The Clinic (2010) poster

The Clinic (2010)

Rating:


Australia. 2010.

Crew

Director/Screenplay – James Rabbitts, Producer – Samuel Pinczewski, Photography – Brad Shield, Music – Jason Fernandez, Kirke Godfrey & Angela Little, Visual Effects – Fuel (Supervisor – Dave Morley), Special Effects – Aaron Cox, Dan Oliver & Tim Riach, Production Design – Nicholas McCallum. Production Company – Bob Marcs/Great Southern Land Entertainment/RMB Productions.

Cast

Tabrett Bethell (Beth Church), Andy Whitfield (Cameron Marshall), Freya Stafford (Veronica), Clare Bowen (Ivy), Marshall Napier (Marvin), Liz Alexander (Ms Shepard), Boris Brkic (Hank), Marcel Bracks (Duncan), Sophie Lowe (Allison), Adrienne Pickering (Jane Doe), Slava Orel (Russian Man), Inga Romanostova (Russian Woman), Harold Hopkins (Grave Digger)


Plot

Christmas Eve, 1979. Cameron and his pregnant fiancee Beth are driving across the Australian Outback to join her mother for Christmas. They stop at a motel in the middle of nowhere for the night. Cameron drives off to look for some food but Beth is missing when he returns. She wakes up in a facility on a cattle farm to find that her baby has been surgically removed. She finds four other girls in the complex that have similarly all had their babies removed and each of them left with a robe that has a Roman numeral on it. All of the babies are found placed in locked cribs and can only be identified by coloured tags. It is then discovered that a corresponding coloured chip has been sewn inside each girl’s stomach. Beth and the other girls then find that someone is hunting and killing each of them to remove the coloured chips. At the same time, Cameron clashes with local law enforcement and the motel owner who seem to be covering up Beth’s disappearance.
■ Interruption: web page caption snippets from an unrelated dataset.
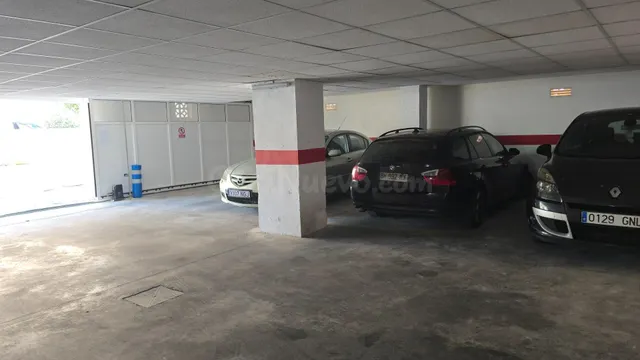 Apartamento reformado en Punta Prima, Torrevieja — 10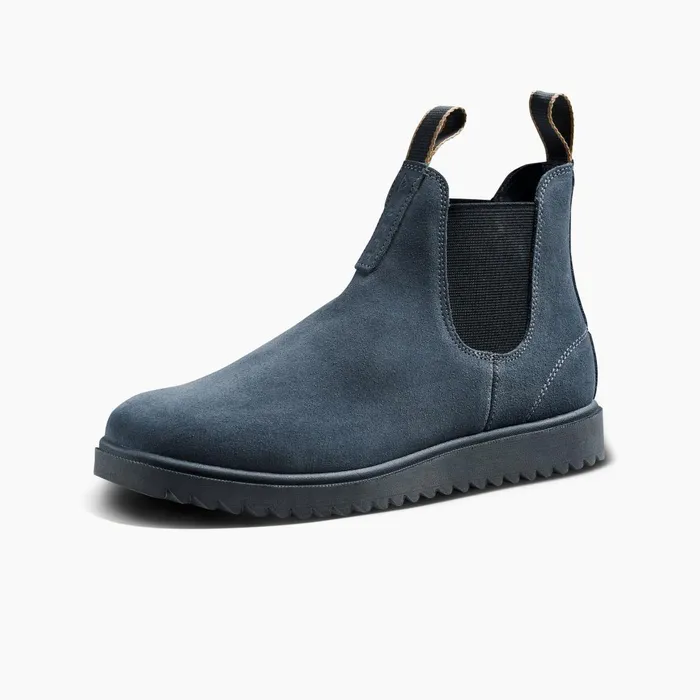 Reef Otis Grey Men Boots Reef Otis Grey Men Boots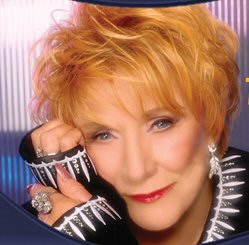 Jeanne Cooper
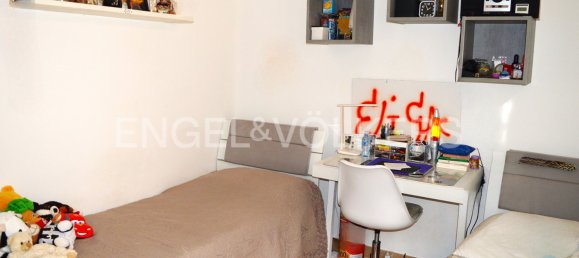 2 Schlafzimmer Wohnung in Civitanova Marche, Italy, Nr. 129189 12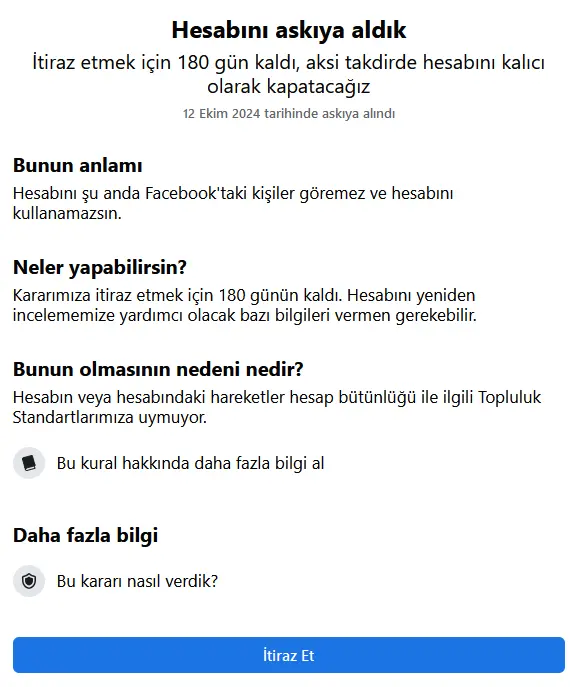 1728770990485.webp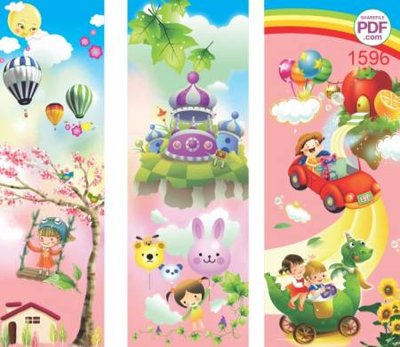 Tải file tranh bien doc 3 (ảnh gốc) ngay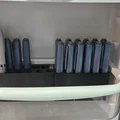 Khay 3D đựng bút tiêm insulin Humalog Kwikpen tiện lợi - Thumbnail 1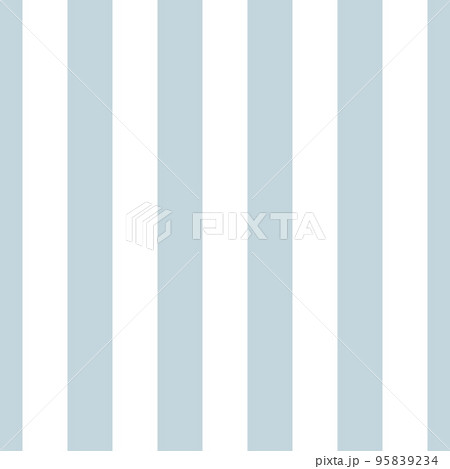 Seamless vector striped pattern Seamless vector striped pattern 95839234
The Clinic was the debut (and so far only) feature film from Australian writer-director James Rabbitts.

I must admit to being suckered by The Clinic‘s initial announcement that it is based on a true story. No details are given about the incident that occurred, which is something that one has learned to be dubious about – if filmmakers make the claim but don’t back it up with sources then you are unable to go and determine whether this actually happened or the film is only vaguely based on some urban legend the writer heard had supposedly happened to a friend of a friend’s second cousin while he was drinking in a bar. (See Films That Make Dubious Claims to Be Based on True Stories).

The way that The Clinic starts in with the abduction of Tabrett Bethell, you expect it and its Outback setting to slot into the same vein as classic Australian desert thrillers such as Roadgames (1981) or Kiss or Kill (1997). Or perhaps more so the international hit of Wolf Creek (2005), which was fresh in memory when this was made. However, what becomes apparent as the main thrust of the film kicks in is that we are actually in for a copy of Saw (2004) or one of the films modelled on it with people imprisoned in a facility and having to undergo a gruelling elimination game in order to survive.

Mothers Freya Stafford, Tabrett Bethell and Clare Bowen must fight for their babies in The Clinic (2010)
Mothers (l to r) Freya Stafford, Tabrett Bethell and Clare Bowen must fight for their babies

Once it becomes aware what is going on and the Saw influence, I started to lose interest in The Clinic and switched off it and its bogus true-life claim altogether. The premise lacks any basic plausibility – that some secret organisation would abduct people pregnant women from all walks of life and place them in a facility where, in order to identify and get back their baby back, they are required to kill one another to find chips surgically implanted in each girl’s stomach.

How the mothers surviving gladiatorial games of this type relates in any way to making their babies more prospective candidates for adoption is just one of the fundamental implausibilities of the film. Or why any self-respecting parent would want to touch such a scheme with a forty-foot barge pole. Why couldn’t the organisers just deliver the babies by normal means and give them to the parents? How could such a scheme get by without being detected – surely someone would notice multiple pregnant women going missing every time someone wants to adopt a baby? The basic implausibility of the scenario kills off any claim to be telling a true story.